The safety and scientific validity of this study is the responsibility of the study sponsor and investigators. Listing a study does not mean it has been evaluated by the U.S. Federal Government. Read our disclaimer for details.
 
ClinicalTrials.gov Identifier: NCT03579524
Recruitment Status : Completed
First Posted : July 6, 2018
Last Update Posted : November 9, 2020
Sponsor:
Information provided by (Responsible Party):
Hany M Yassin, MD, Fayoum University Hospital

Brief Summary:

Breast cancer is by far the world's most common cancer among women and the most common cause of female death from cancer worldwide. It's worldwide incidence is 43.4 in 100.000 while in Egypt is 48.8 in 100.000.
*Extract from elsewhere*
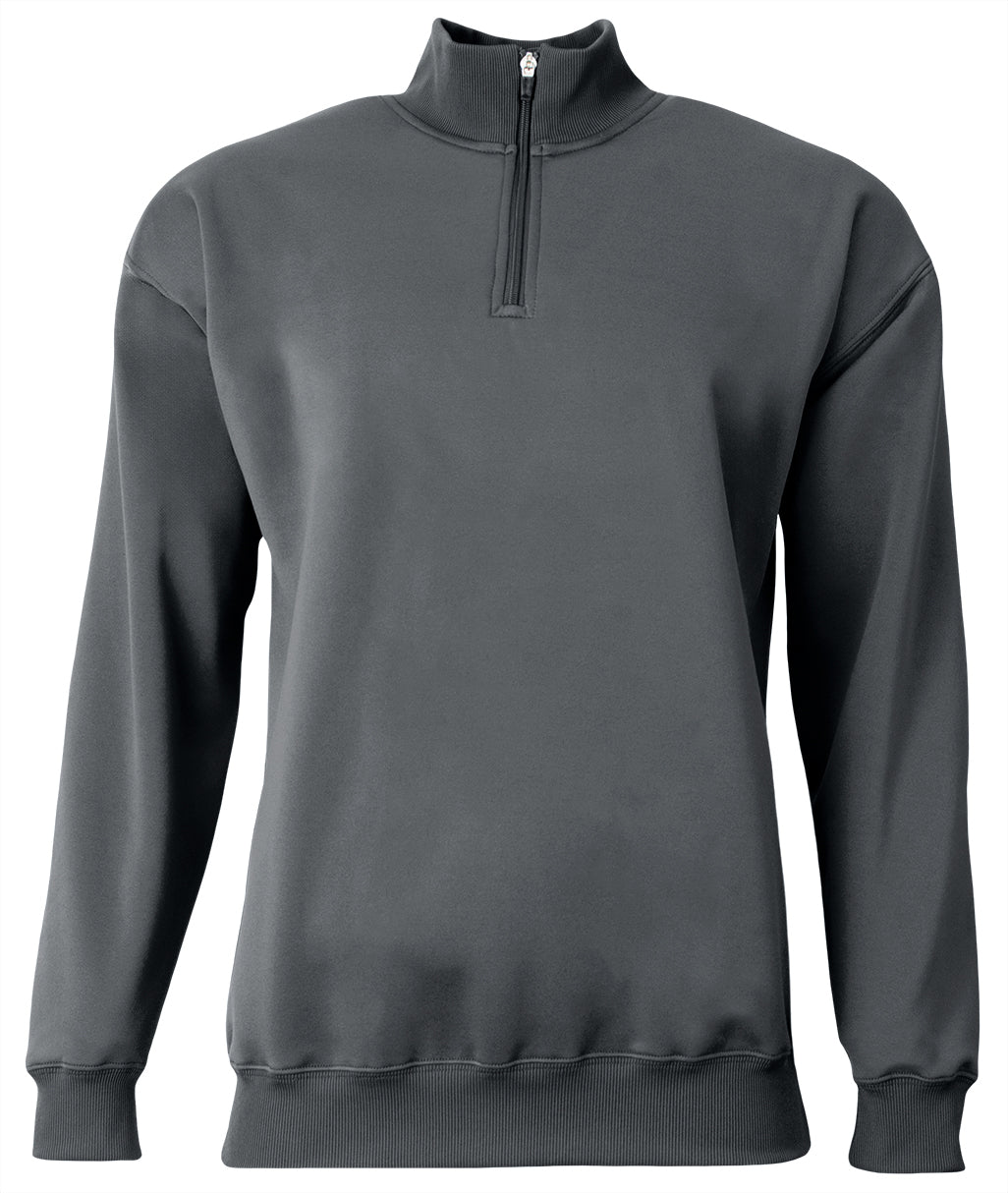 A4 Men's Sprint Fleece Quarter Zip-1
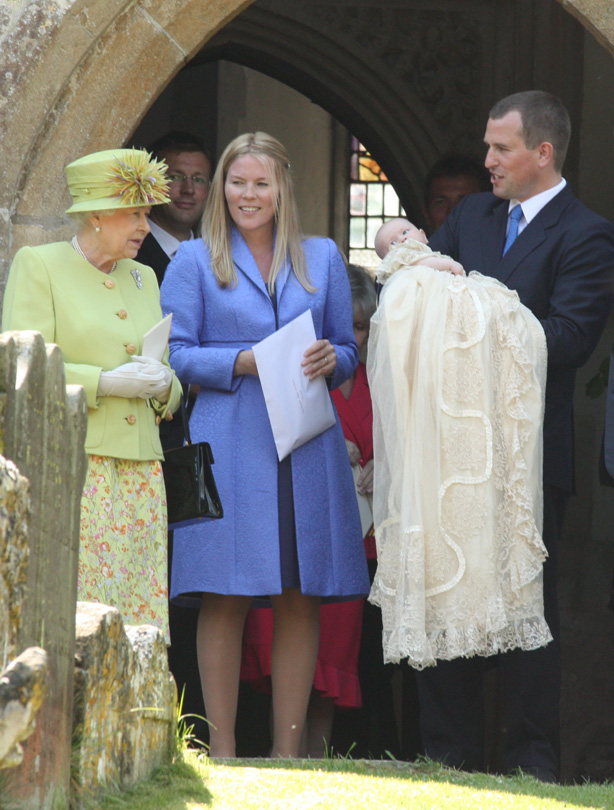 The Queen: 2011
One of the most common surgical procedures for it is modified radical mastectomy (MRM), It is account for 31% of all breast surgery cases.

Post-mastectomy pain is a big problem affecting the outcome of surgery. It was used to be managed by opioids which may lead to many side effects such as nausea, vomiting, ileus, over sedation and respiratory depression. Chronic pain syndrome (phantom breast pain, paraesthesias, and intercostobrachial neuralgia) may be developed due to inadequate pain control.

So many regional analgesic techniques have been developed for effective pain control.

The safest and easiest is local wound infiltration with local anesthesia but the duration of action is limited. Intercostal nerve block and interpleural block are effective, but there is a fear of pneumothorax and transient Horner's syndrome.

Thoracic epidural analgesia is not preferred however it's efficacy because of possible neurological and hemodynamic side effects.

The gold standard now is thoracic paravertebral block (PVB) which provide effective analgesia with minimal hemodynamic derangement but it carries a risk of pneumothorax in addition to slightly complex technique.

Ultrasound-guided interfascial plane blocks such as pectoral nerve (PECS) block type 1 and 2 , serratus anterior plane block (SAPB) and erector spinae plane block (ESP) which is a recent block newly described for various surgeries for postoperative analgesia have also been reported as alternatives, with the advantages of simplicity, ease of performance and fewer complications.

there is no sufficient Randomized controlled trails that assess the effectiveness and safety of erector spinae plane block ESPB in controlling post mastectomy pain This study compares the analgesic efficacy of ultrasound-guided erector spinae plane block (ESPB) and serratus anterior plane block (SAPB) in patients undergoing MRM with axillary dissection.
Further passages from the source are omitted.